Design and performance assessment of a novel self-anchored pedestrian suspension bridge

Abstract

Conventional suspension bridge systems generally adopt a symmetrical layout, which has limited applicability in asymmetric urban terrain. However, the span capacity of the asymmetric bridge system is not as good as that of the conventional suspension bridge. Therefore, under the constraints of limited space, it is very urgent to design a new asymmetric pedestrian bridge with a strong crossing ability on the complex asymmetric terrain of the city. However, the design faced two challenges. (1) Because of the asymmetry of the structure, the cable balance equation and calculation theory of the new bridge need to be redetermined; (2) Because of the restriction of terrain conditions, it is necessary that optimize the preliminary design of the new bridge to achieve better mechanical properties. To address above problems, a new self-anchored continuous steel box girder composite system is proposed for use in suspension footbridges. This system uses connectors to reliably connect the suspension, main girders, and pylons. The continuous beam structure is used in the side span of the pedestrian bridge and the cable-stayed beam composite system is used in the main span. Therefore, the mechanical behavior of the structure is complex. To investigate the mechanical characteristics of the new structural system based on the preliminary conceptual design, the static and dynamic stability of the proposed structural system is comprehensively analyzed.
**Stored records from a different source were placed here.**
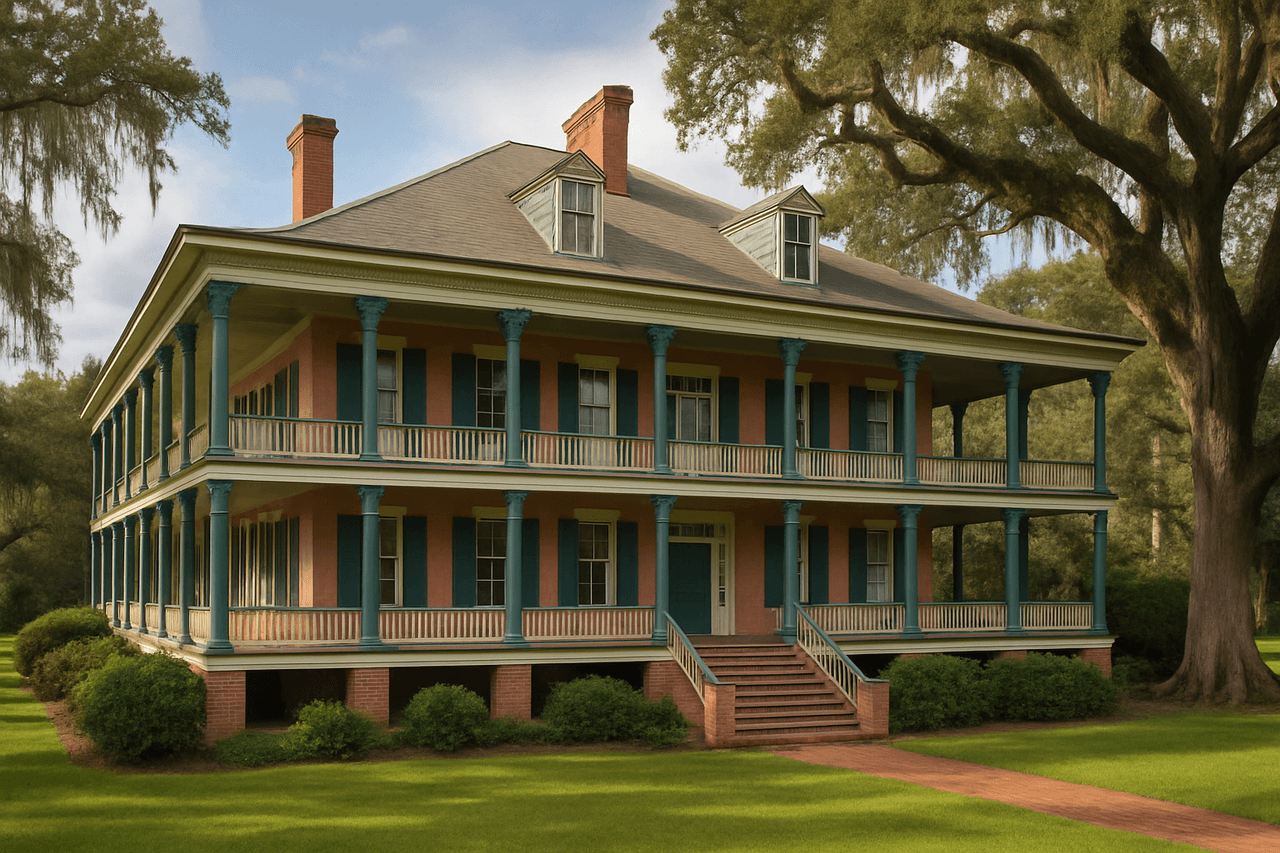 Best movers in Houma, Louisiana, near Southdown Plantation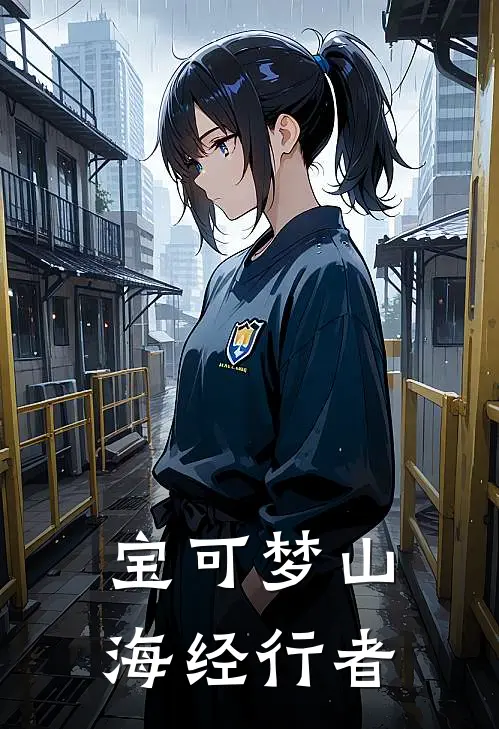 宝可梦山海经行者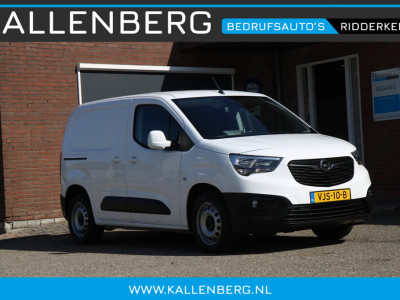 Opel Combo 1.5D L1H1 Edition 131PK  / Automaat / Camera / Multi stuur / App connect foto 10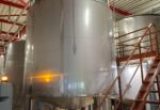 15000 liters tank in Stainless 304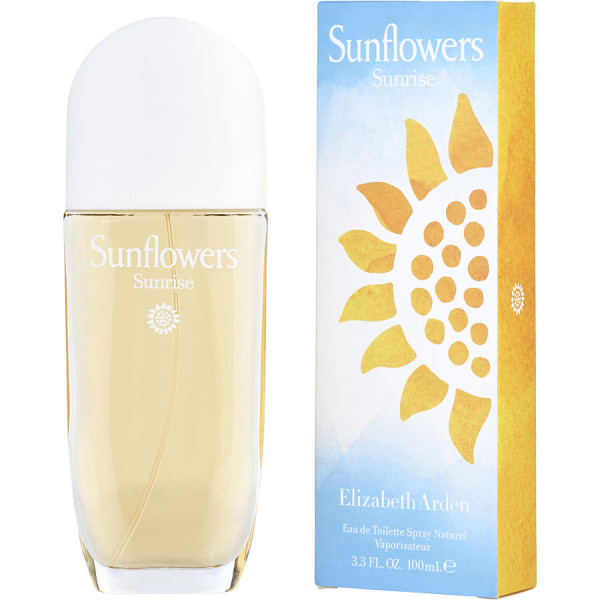 Sunflowers Sunrise Elizabeth Arden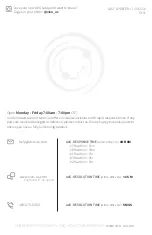 Preview for 4 page of Vivo DESK-EV47TW Instruction Manual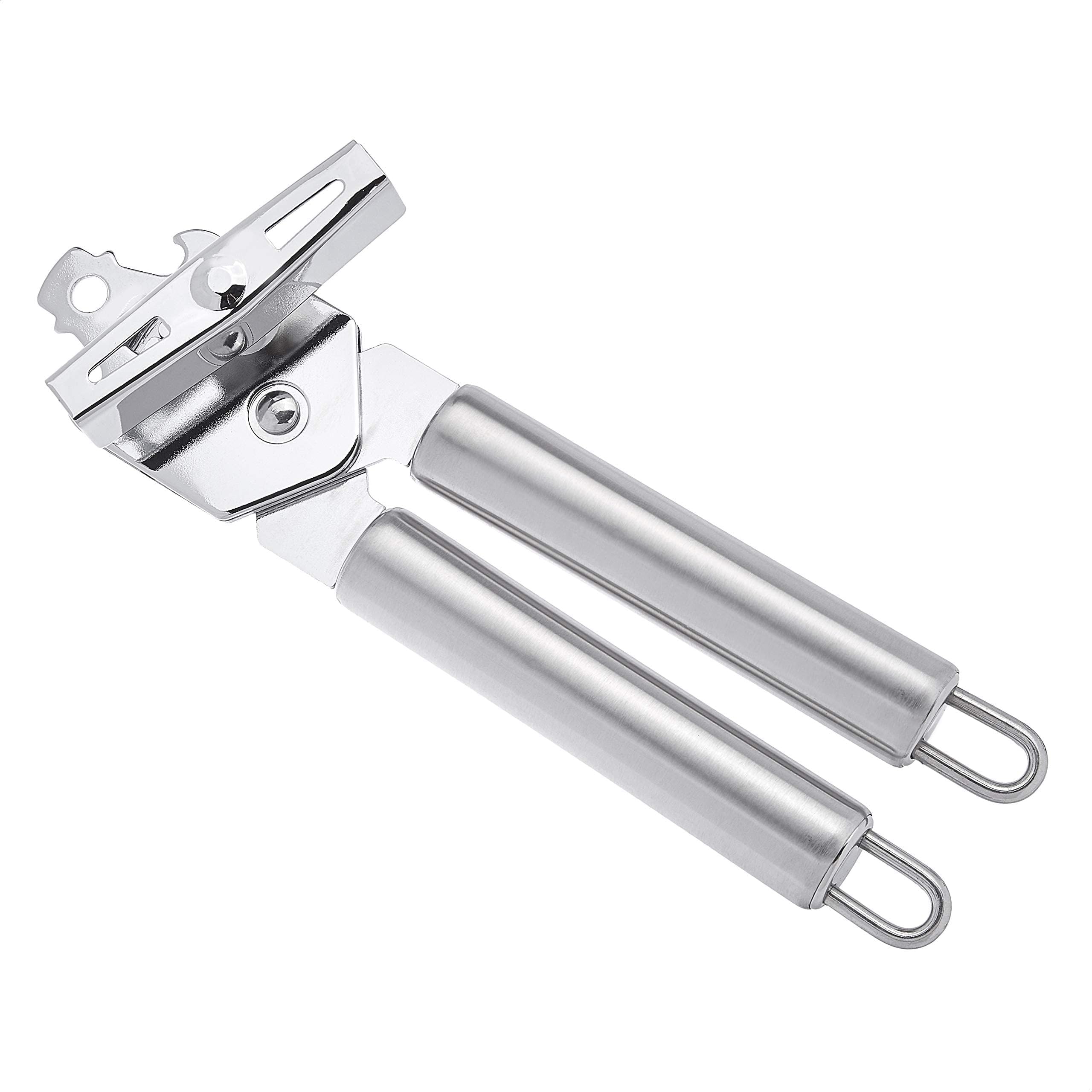 Amazon Basics Stainless Steel Can Opener (Previously Amazoncommercial Brand)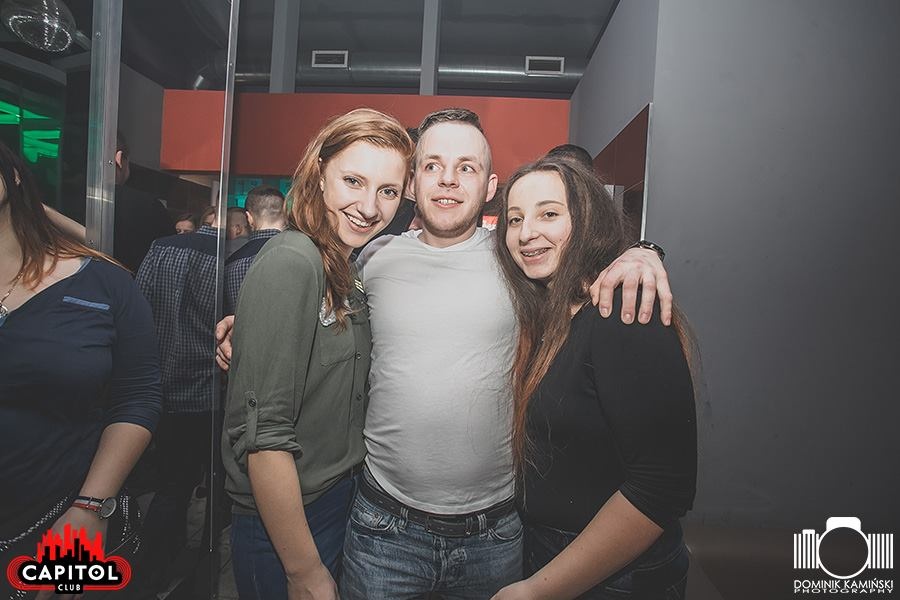 Defis w Clubie Capitol Sypniewo [25.02.2017] - zdjęcie #110 - eOstroleka.pl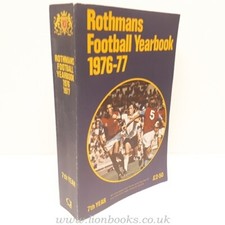 Rothmans Football Yearbook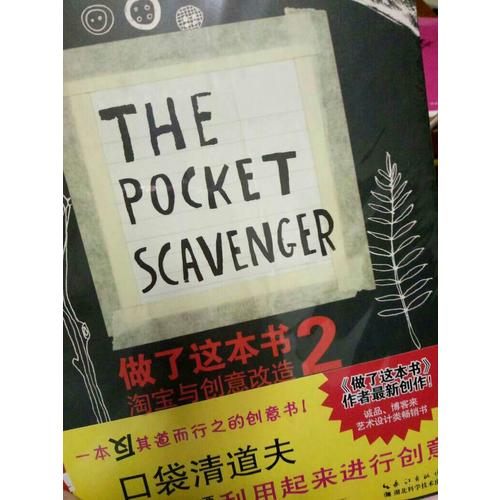 做了这本书2：淘宝与创意改造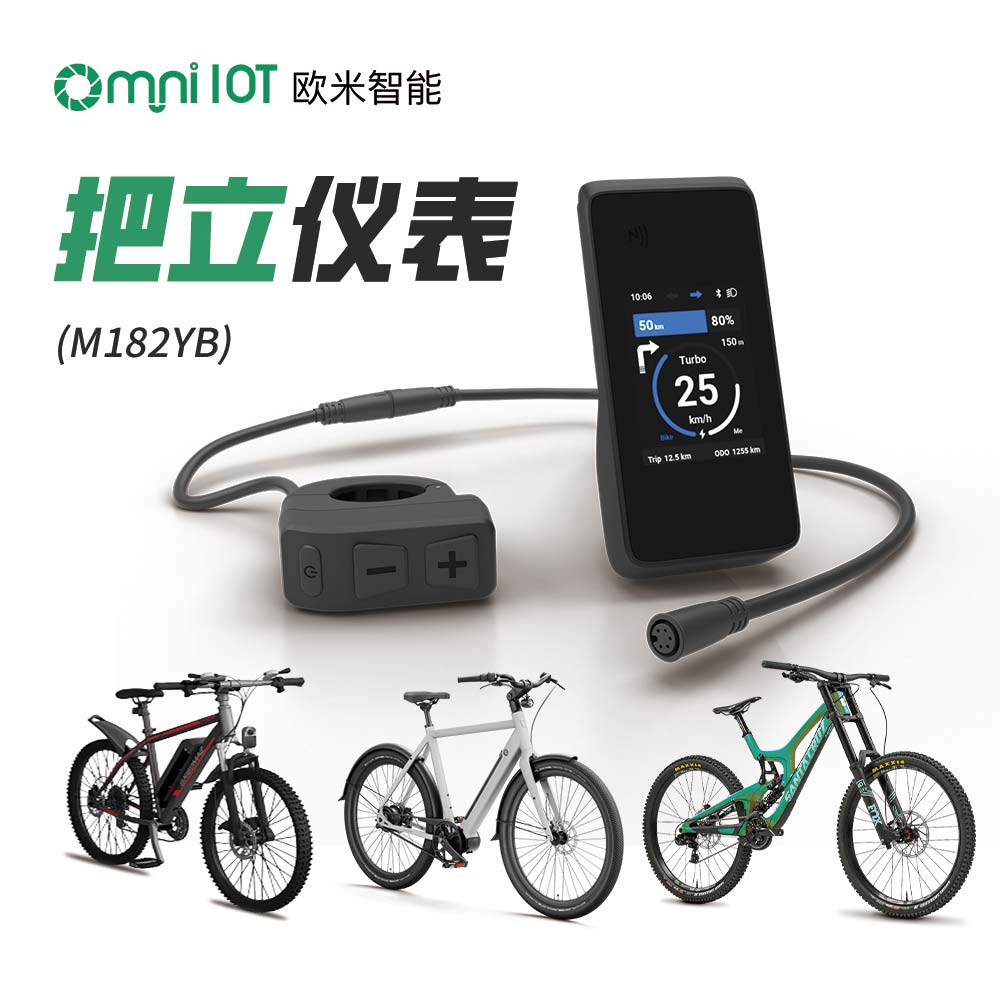 智能把立儀表中控：一款內置物聯網技術的儀表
A new force mode is proposed to improve the mechanical properties of the proposed structural system, and the applicability of the tuned mass damper to the new structural system was verified. Finally, an improved multi-objective genetic algorithm (I-MOGA) algorithm is hired to optimize the layout and mechanical properties of the proposed-composite system. The effectiveness and feasibility of the proposed-composite system bridge is verified to design for urban pedestrian bridges in limited terrain. Moreover, I-MOGA is used to optimize the design of the proposed mixed systems and obtain an improved structural layout for a complex pedestrian bridge in terms of forces, stability, and reliability. This study will provide a reference for the design of urban bridges on asymmetric terrain.